How to complete this task: For this exercise, return all the data word for word, with images left out.

Data segment:
↓

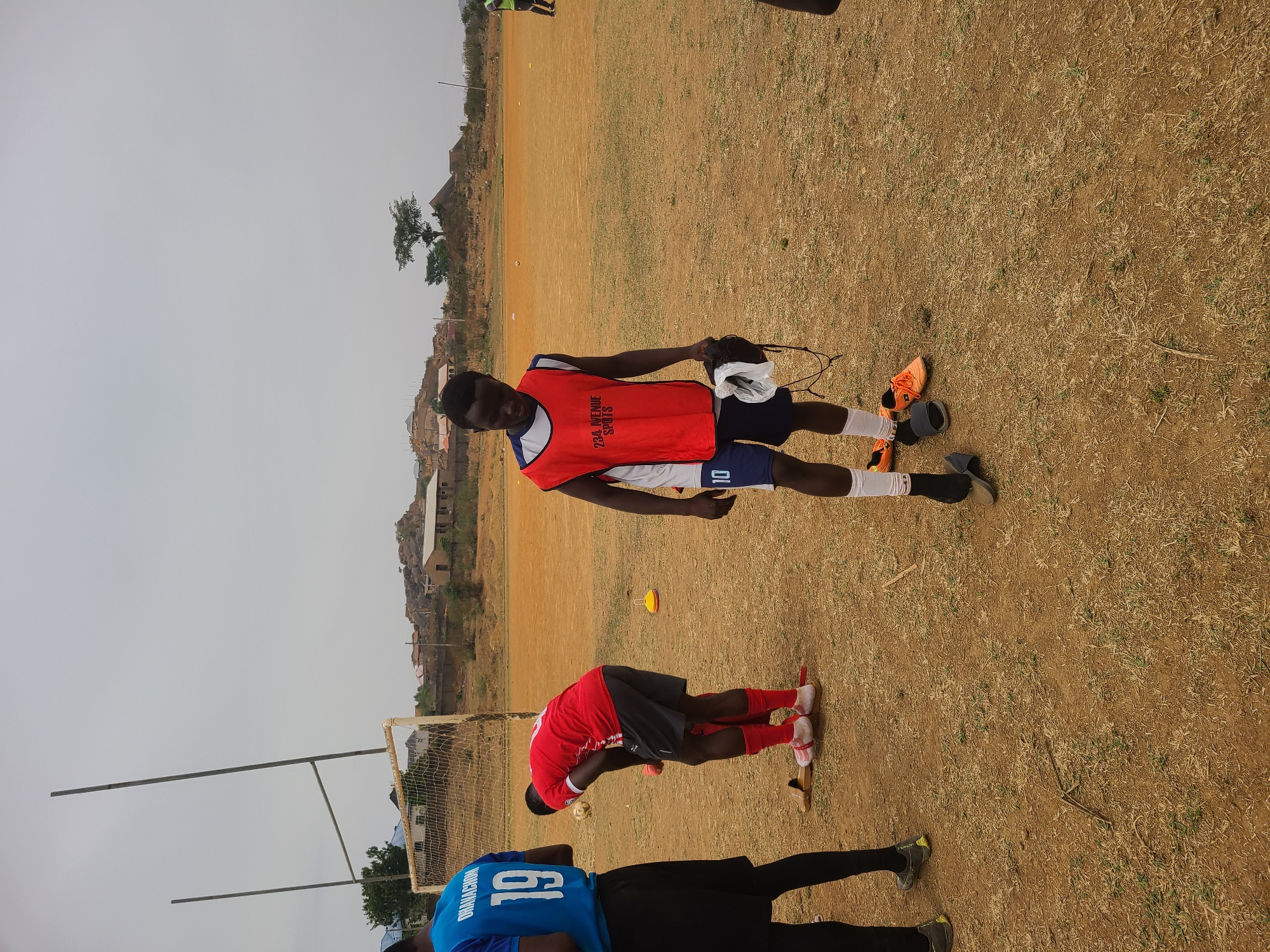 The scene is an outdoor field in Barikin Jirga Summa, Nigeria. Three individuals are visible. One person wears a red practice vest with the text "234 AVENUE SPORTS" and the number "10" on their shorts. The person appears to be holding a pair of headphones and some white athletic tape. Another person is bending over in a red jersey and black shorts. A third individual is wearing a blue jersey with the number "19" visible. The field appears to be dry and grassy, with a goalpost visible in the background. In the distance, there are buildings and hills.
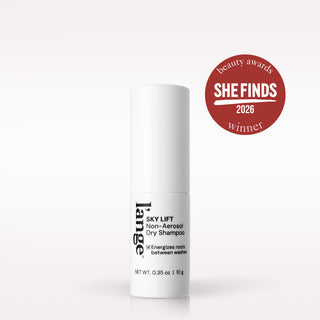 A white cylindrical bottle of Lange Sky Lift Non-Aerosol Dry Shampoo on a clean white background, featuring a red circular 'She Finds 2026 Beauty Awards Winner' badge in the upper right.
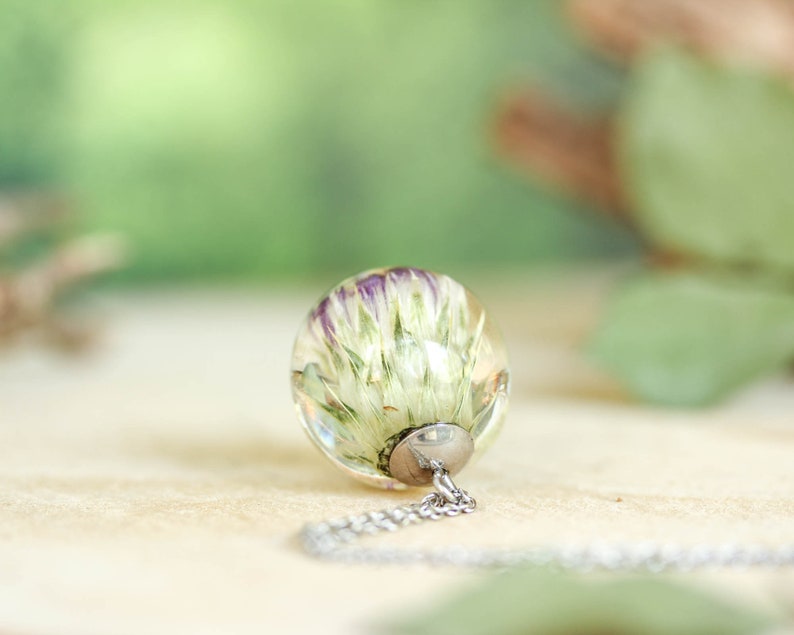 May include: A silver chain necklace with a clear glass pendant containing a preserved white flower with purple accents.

↑

Output below:
 The scene is an outdoor field in Barikin Jirga Summa, Nigeria. Three individuals are visible. One person wears a red practice vest with the text "234 AVENUE SPORTS" and the number "10" on their shorts. The person appears to be holding a pair of headphones and some white athletic tape. Another person is bending over in a red jersey and black shorts. A third individual is wearing a blue jersey with the number "19" visible. The field appears to be dry and grassy, with a goalpost visible in the background. In the distance, there are buildings and hills.
 A white cylindrical bottle of Lange Sky Lift Non-Aerosol Dry Shampoo on a clean white background, featuring a red circular 'She Finds 2026 Beauty Awards Winner' badge in the upper right.
 May include: A silver chain necklace with a clear glass pendant containing a preserved white flower with purple accents.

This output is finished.